Where is any consideration of the substantive merit of impeachment based upon the gravity of the conduct at issue? OK, if "perjury" was Clinton's delict, is somebody suggesting that torture, aggressive war, felonious and unconstitutional wiretapping and the like "don't measure up"? Sunstein follows the above-quoted statement with "any crime has to be taken quite seriously", yet both fails to identify any of the crimes that are in question here and then follows up by saying both that impeachment isn't warranted and, get this, Bush probably won't issue pardons so we should see about maybe investigating something during the Obama administration. What is he smoking?

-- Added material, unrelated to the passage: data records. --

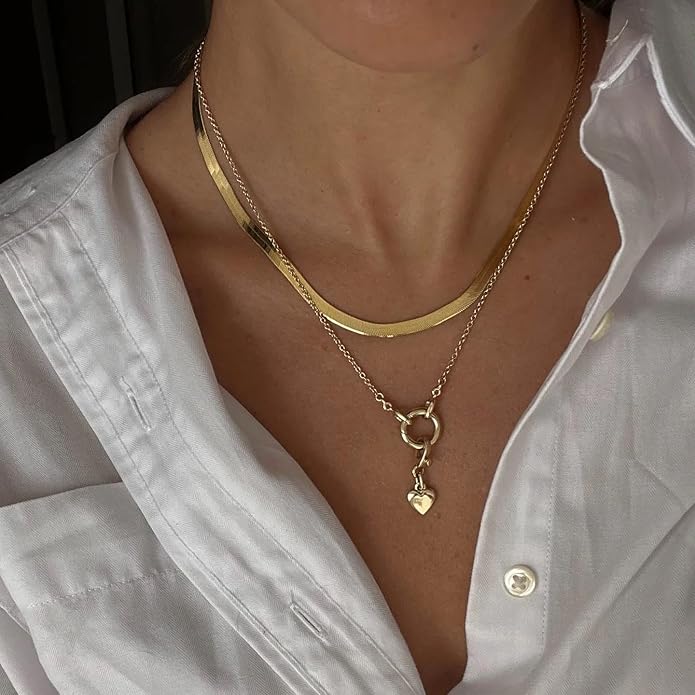 WomenGifts 14K Gold Silver Plated Herringbone Necklace for Women, Dainty Snake Chain Choker, Trendy Simple Long Layered Jewelry Non Tarnish, 3/4/5/8mm,14,16,18,20,22,24,26 Inch Thin & Chunky Options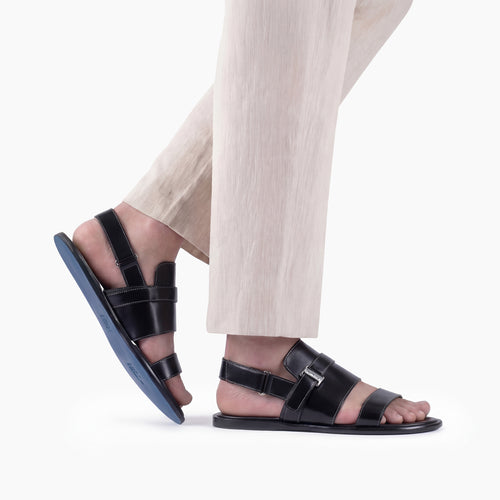 Черные Кожаные Сандалии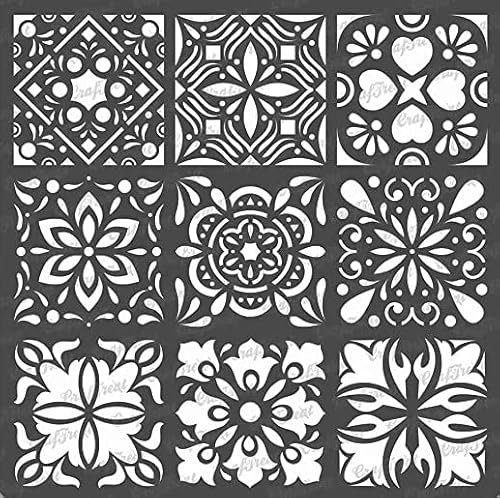 Wiederverwendbare Fliesenschablonen von CrafTreat zum Malen auf Holz und Fliesen – Mini-Fliesen – 15,2 x 15,2 cm – DIY-Kunst- und Bastelschablonen – Bodenfliesen-Schablone – Mandala-Fliesenschablone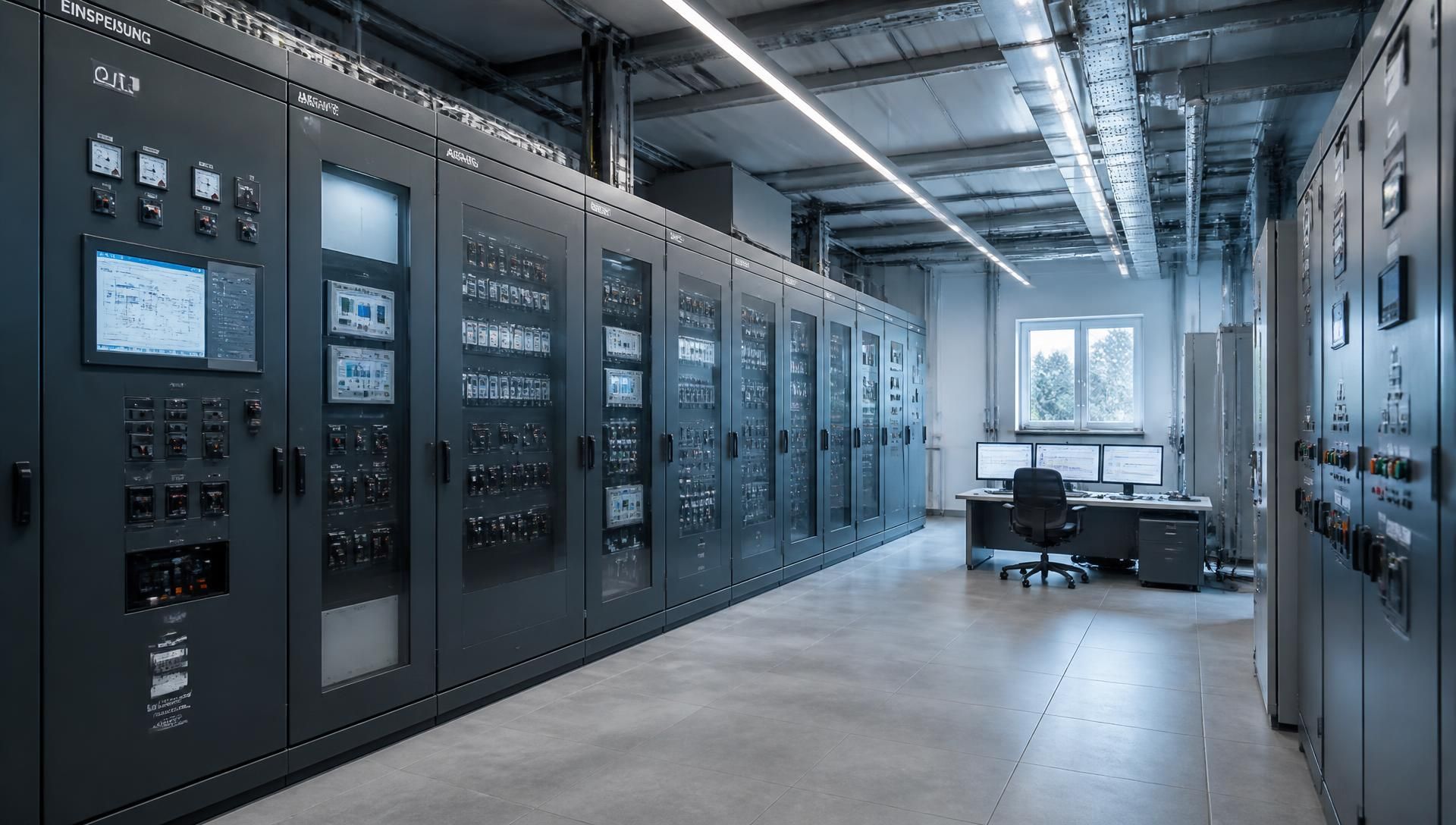 Row of technical control cabinets in a switchgear room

It is not true that "advice of counsel" renders a crime non-criminal. Period. And, by the way, where an attorney's advice is sought and given in furtherance of a "crime or fraud", not even the attorney-client privilege immunizes the communications relating to that crime. The effort to portray every criminal activity of the President or his minions as being not only "policy" rather than "crime", but unchallengeable and inscrutable policy to boot, is absurd. Literally, totally absurd and utterly dependent upon a false suggestion of talismanic unassailability of any action that somehow has a lawyer behind it. And as the administration gets ever more brazen about advancing this notion, it only plays into the administration's chutzpah when, as now, the Congress just wrings it's hands and wonders what to do, what to do? The "what to do" is to impeach these clowns. Don't go to courts for years on end, impeach them. Now.

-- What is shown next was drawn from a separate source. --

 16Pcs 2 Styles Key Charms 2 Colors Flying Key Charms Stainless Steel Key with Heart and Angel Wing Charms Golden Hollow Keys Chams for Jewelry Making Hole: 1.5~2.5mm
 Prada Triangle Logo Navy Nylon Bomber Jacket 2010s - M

Does anybody think that the Republicans in Congress next term will hesitate to attempt to impeach Barack Obama for double-parking? That they will hesitate to do so because it might seem "unseemly" to impeach two out of three presidents in a row? Or will it be more likely that they will say "it's not our fault that the Democrats lacked the courage of their convictions and the will to enforce their constitutional obligation to protect the Constitution, we never got asked to do that over Bush so don't gripe now"? Sheesh.

Professor Sunstein's comments were just sad. Foolish, actually. But sad, mostly. Sorry to hear this kind of thing from one called a constitutional scholar. I favor impeaching as many consecutive presidents as display conduct of the nature characterizing the administration of the current occupant. Does the Constitution counsel otherwise?

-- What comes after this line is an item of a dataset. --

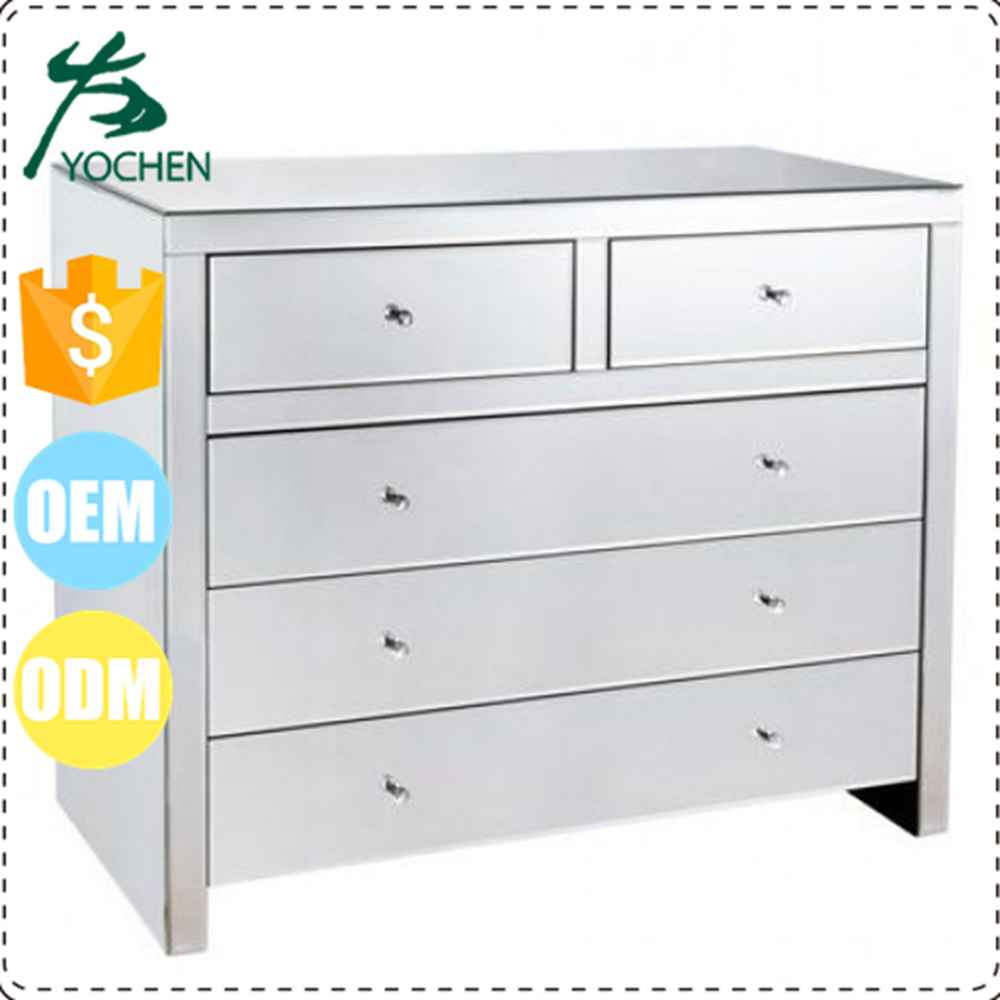 Silver Mirrored 5 Drawers Tall Boy Cabinet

Tuesday, July 22, 2008 07:24 PM

@ Arne and malum prohibitum

Not sure we have any disagreement. My point is that saying "lawyer, lawyer" doesn't ever end the inquiry -- which is the way Mukasey is framing his decision not to even investigate torture circumstances, let alone prosecute. In the circumstances you identify, one who would seek to invoke a defense against a criminal allegation would bear the burden of first establishing the elements of the defense, such as "this was an arcane provision of the tax code, how could I know?"

I'd be pleased to see somebody explain that they thought torture was OK because the President's representative told them the President thought it was OK because the Vice President's Chief of Staff commissioned a "legal memo" from John Yoo, who told them that he thought the President is not bound by the Constitution or laws of the United States. Or have a telecom exec say they thought it was OK to wiretap in clear violation of an existing Federal statute and the Fourth Amendment because the President asked him/her to do it. Then let's explore the basis on which that advice was given. I'd even go so far as to embrace the terms of Article 8 of the Nuremberg Trials, which declined to excuse a war crime on the basis of a plea of "only following orders", but reserved the right to consider that proferred justification and to grant mercy upon sentencing of "front line" defendants if that was the situation.

So let's impeach the President and the Vice President and let them make that case in their defense.